__Available data__
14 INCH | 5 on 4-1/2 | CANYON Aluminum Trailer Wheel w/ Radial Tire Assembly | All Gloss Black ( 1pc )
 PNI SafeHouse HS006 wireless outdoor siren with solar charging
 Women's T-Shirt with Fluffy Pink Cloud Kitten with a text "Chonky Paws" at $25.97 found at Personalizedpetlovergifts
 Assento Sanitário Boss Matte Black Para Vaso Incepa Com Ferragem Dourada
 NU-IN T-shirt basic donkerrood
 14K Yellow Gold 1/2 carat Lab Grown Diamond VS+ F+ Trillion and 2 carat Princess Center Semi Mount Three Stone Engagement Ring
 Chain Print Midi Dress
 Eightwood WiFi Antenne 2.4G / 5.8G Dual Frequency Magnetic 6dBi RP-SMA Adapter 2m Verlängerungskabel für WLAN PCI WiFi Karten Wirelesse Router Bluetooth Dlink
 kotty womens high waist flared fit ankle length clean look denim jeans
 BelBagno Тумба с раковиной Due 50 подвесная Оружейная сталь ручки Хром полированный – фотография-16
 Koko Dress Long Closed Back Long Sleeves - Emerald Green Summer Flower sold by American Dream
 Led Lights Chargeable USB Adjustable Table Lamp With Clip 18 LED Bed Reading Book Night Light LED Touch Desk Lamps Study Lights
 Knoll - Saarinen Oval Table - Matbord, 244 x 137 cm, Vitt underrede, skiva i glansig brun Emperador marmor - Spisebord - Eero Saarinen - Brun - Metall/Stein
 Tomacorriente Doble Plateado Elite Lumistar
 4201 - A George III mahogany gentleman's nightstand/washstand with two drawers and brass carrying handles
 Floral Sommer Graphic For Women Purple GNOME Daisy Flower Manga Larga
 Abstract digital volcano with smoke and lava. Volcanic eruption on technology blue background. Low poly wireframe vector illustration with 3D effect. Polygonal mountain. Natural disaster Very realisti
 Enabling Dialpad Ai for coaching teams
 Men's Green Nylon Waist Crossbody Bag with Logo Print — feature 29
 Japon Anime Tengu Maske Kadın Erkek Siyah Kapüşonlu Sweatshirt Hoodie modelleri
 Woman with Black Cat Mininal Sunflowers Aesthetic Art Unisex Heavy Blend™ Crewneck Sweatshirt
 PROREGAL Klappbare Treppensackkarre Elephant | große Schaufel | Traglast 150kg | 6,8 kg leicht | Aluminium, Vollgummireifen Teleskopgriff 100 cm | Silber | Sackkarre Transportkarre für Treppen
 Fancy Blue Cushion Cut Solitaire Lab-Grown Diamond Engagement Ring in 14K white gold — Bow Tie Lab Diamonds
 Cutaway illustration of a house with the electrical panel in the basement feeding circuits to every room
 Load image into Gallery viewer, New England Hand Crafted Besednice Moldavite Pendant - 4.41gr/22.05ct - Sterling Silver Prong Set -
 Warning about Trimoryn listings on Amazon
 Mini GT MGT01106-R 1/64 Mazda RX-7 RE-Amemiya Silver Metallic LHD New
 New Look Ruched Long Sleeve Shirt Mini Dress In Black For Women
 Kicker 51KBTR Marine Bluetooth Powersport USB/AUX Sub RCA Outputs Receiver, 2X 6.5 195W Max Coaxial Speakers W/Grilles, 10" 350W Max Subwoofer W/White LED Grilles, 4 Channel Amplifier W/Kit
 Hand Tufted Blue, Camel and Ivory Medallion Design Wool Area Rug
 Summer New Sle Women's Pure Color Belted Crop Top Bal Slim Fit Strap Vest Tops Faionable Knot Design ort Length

__Exercise directions__
Once you reach the line that contains "Hand Tufted Blue, Camel", print it and every line after it exactly as written, stopping at the last line of the records and adding nothing.

__Output below__
 Hand Tufted Blue, Camel and Ivory Medallion Design Wool Area Rug
 Summer New Sle Women's Pure Color Belted Crop Top Bal Slim Fit Strap Vest Tops Faionable Knot Design ort Length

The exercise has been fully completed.